The Washington Nationals are almost always pursuing under the radar deals, and today's latest signing is no exception. Mike Rizzo and the Nats have penned a one-year, $13 million deal with former Angels and Diamondbacks starter Dan Haren, according to Ken Rosenthal.
Haren will surely move into the bottom half of the Nationals' starting rotation, replacing free agent Edwin Jackson. On the surface, it's essentially a one-for-one swap. Both were signed to one-year contracts with the Nats, and Jackson made $11 million while Haren will be paid $13 million by his new team. They're both traditionally durable pitchers that throw a lot of innings.
A three-time All-Star who twice receieved Cy Young votes, there's a lot to be excited about with Haren. However, his 2012 numbers are definitely cause for some concern. His average fastball velocity has dropped three miles per hour since 2007. If that trend sticks, he'll be the only Nationals starter who doesn't break 90 mph on the gun for his fastball on average. The "lightest" throwing Nats starter is Ross Detwiler, who averaged 93 mph on his fastball in 2012. With the Nats push for power pitchers, Haren may not fit that mold. A drop in velocity over a long period like this may be a sign of aging or an injury, and the Nationals are certainly wary of that. Haren still has to pass a physical before the contract is final.
It's impossible to debate that Haren had the worst year of his career in 2012. It's the first year he didn't rise above a replacement-level pitcher, according to WAR, since his rookie season in 2003. He posted the highest ERA of his career, and his BABIP, FIP, and xFIP don't indicate he got particularly unlucky. He just wasn't that good. His 2012 K/9 isn't far below his career average, and it was nearly identical to his 2011 level, just with far less success overall.

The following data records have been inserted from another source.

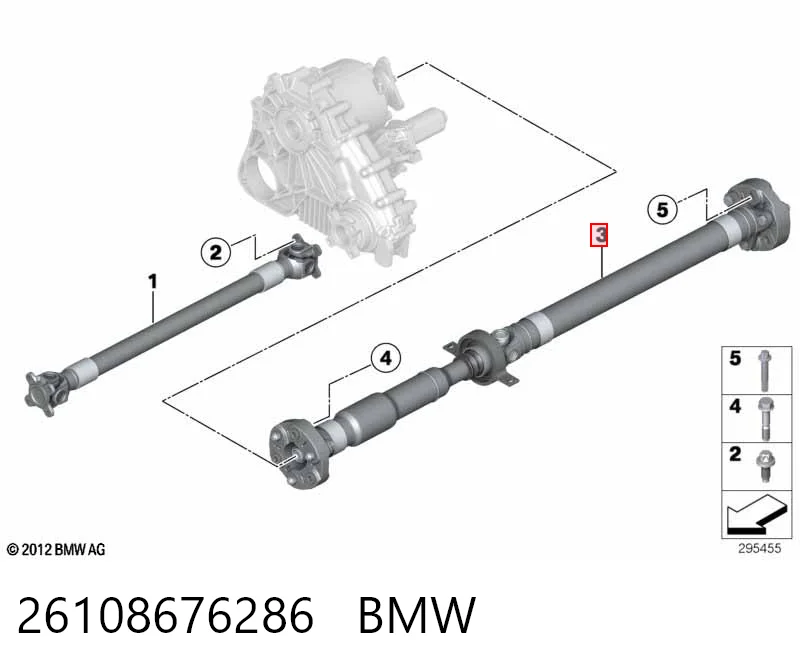 26108676286 BMW Вал карданний основний заднього моста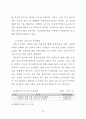   참여정부의부동산정책에관한연구  75페이지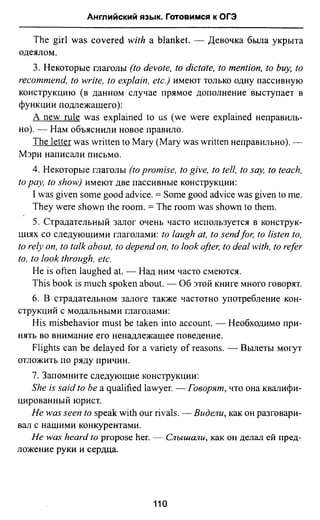 811  английский язык. готовимся огэ ягудена а-2016 -190с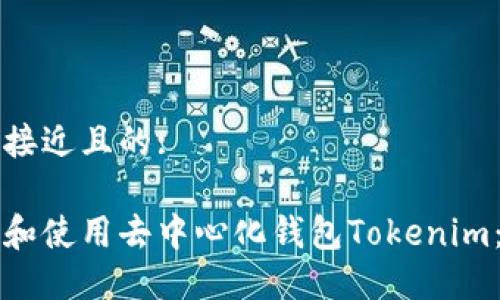 思考一个接近且的:

如何下载和使用去中心化钱包Tokenim：详细指南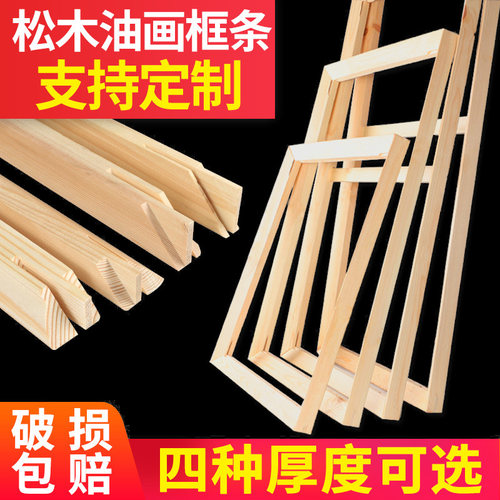 油画框画框定做大尺寸加厚实木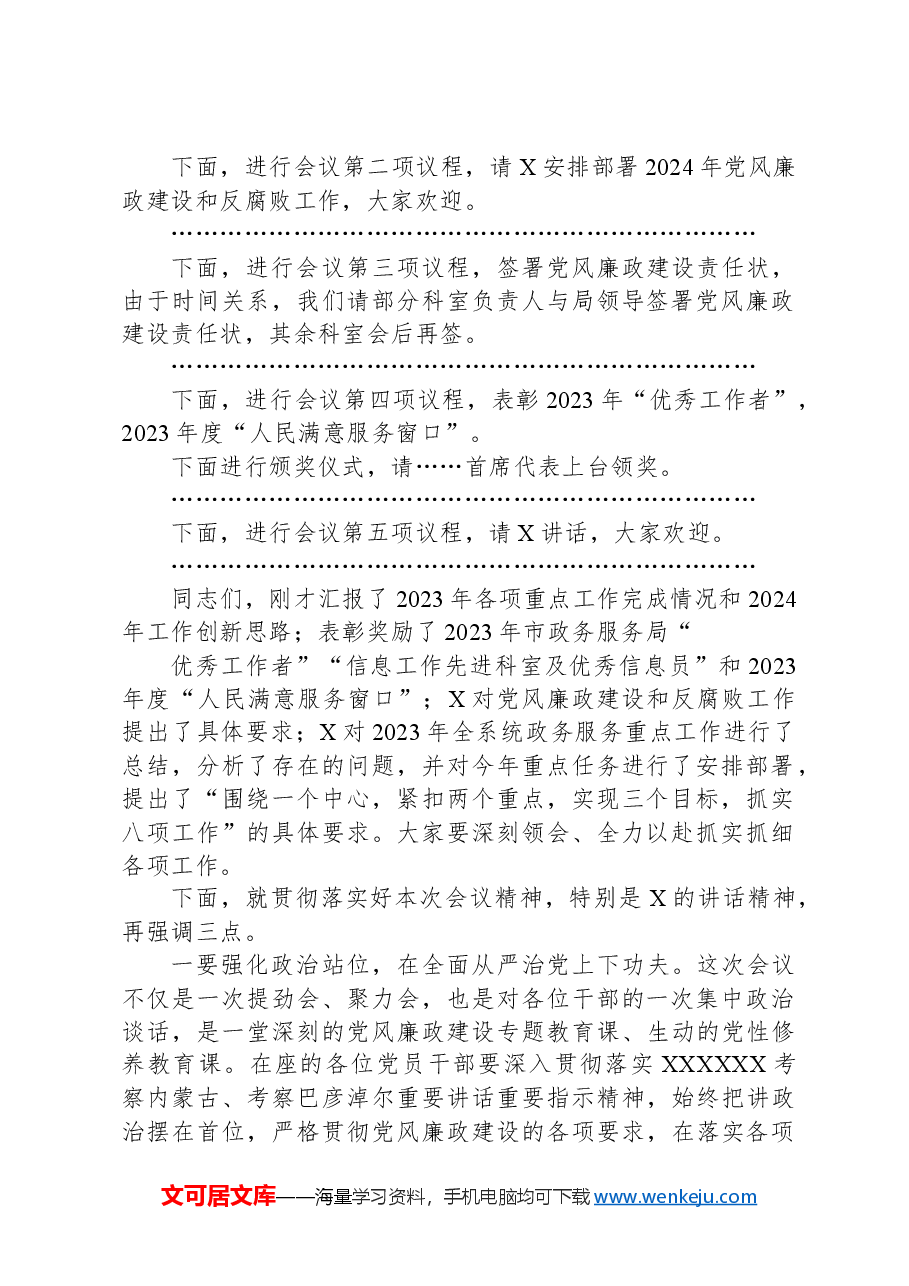 在2024年全市政务服务工作会暨党风廉政建设和反腐败工作会议上的主持讲话.docx，第2页预览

Haren had one bad year over the course of a very impressive career, last season, but he's entering his age 32 season without a history of injuries and more than 200 innings in seven of eight seasons. That may be good, but it could also mean his body has slowly broken down over that time, resulting in his disappointing 2012 season.
Overall, if Haren can return to his 2011 and prior form, the Nationals will have stolen Haren with a reasonable one-year deal. If he doesn't, and he struggles with injury and throwing effectively, the Nationals only take the hit for one season, not for multiple years. This could be a great deal or a decent deal, but it can't be a terrible deal simply because it doesn't lock them into a long contract. And if it's good, just imagine: Stephen Strasburg, Gio Gonzalez, Jordan Zimmermann, Ross Detwiler, Dan Haren. Not too shabby.